In this section, we’ll analyse the residual plots of our finalModel and also compute some of the regression diagnostics for our model to find out some interesting leverage points (outliers) in the data set.
par(mfrow = c(2, 2))
plot(finalModel)
From the above plots, we can make the following observations,
The points in the Residuals vs. Fitted plot seem to be randomly scattered on the plot and verify the independence condition.
The Normal Q-Q plot consists of the points which mostly fall on the line indicating that the residuals are normally distributed.
The Scale-Location plot consists of points scattered in a constant band pattern, indicating constant variance.
There are some distinct points of interest (outliers or leverage points) in the top right of the plots.
We now compute some regression diagnostics of our model to find out these interesting leverage points as shown in the following section.

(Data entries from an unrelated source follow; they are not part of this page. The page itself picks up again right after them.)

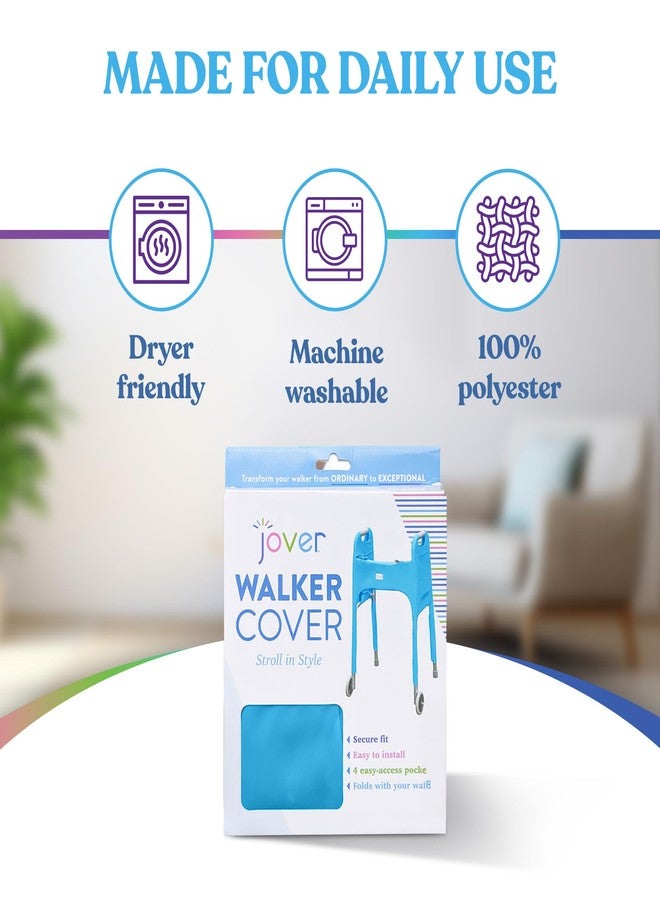 Jover - Walker Covers (Clear Skies) - Colorful Fabric Cover for Standard Folding Walker Mobility Aid with Pockets, Easy Fit Senior Walker Accessories, Washable Polyester, + Matching Storage Bag - Image 5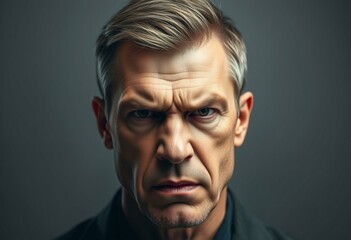 Obraz premium Angry male portrait with neutral background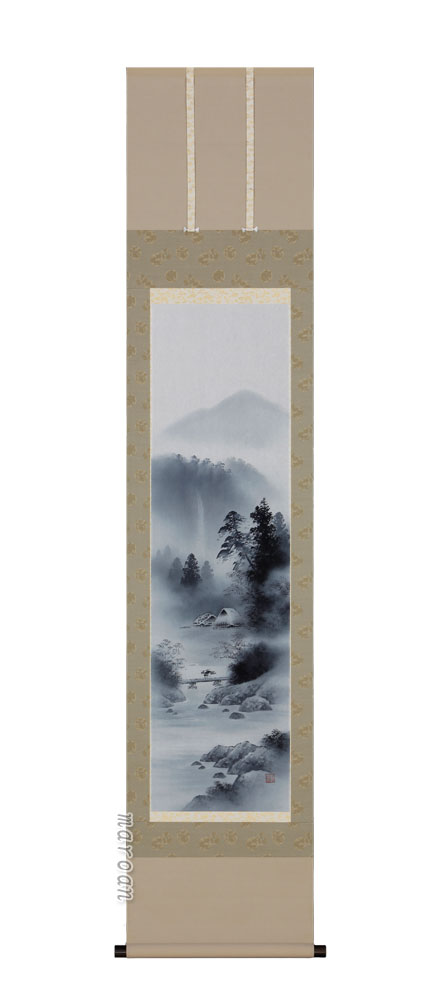 山水画 掛軸 水墨山水（中野 長春）（尺巾立）（図柄色々有）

We compute top three points in each case of influence measures.
leverage <- hatvalues(finalModel)
tail(sort(leverage), 3)
## Toyota Corona Lincoln Continental Maserati Bora
## 0.2778 0.2937 0.4714
influential <- dfbetas(finalModel)
tail(sort(influential[, 6]), 3)
## Chrysler Imperial Fiat 128 Toyota Corona
## 0.3507 0.4292 0.7305
Based on the observations from our finalModel, we can conclude the following:
Cars with Manual transmission get more miles per gallon mpg compared to cars with Automatic transmission (1.8 adjusted by hp, cyl, and wt).
mpg will decrease by 2.5 (adjusted by hp, cyl, and am) for every 1000 lb increase in wt.
mpg decreases negligibly with increase of hp.
If number of cylinders, cyl increases from 4 to 6 and 8, mpg will decrease by a factor of 3 and 2.2 respectively (adjusted by hp, wt, and am).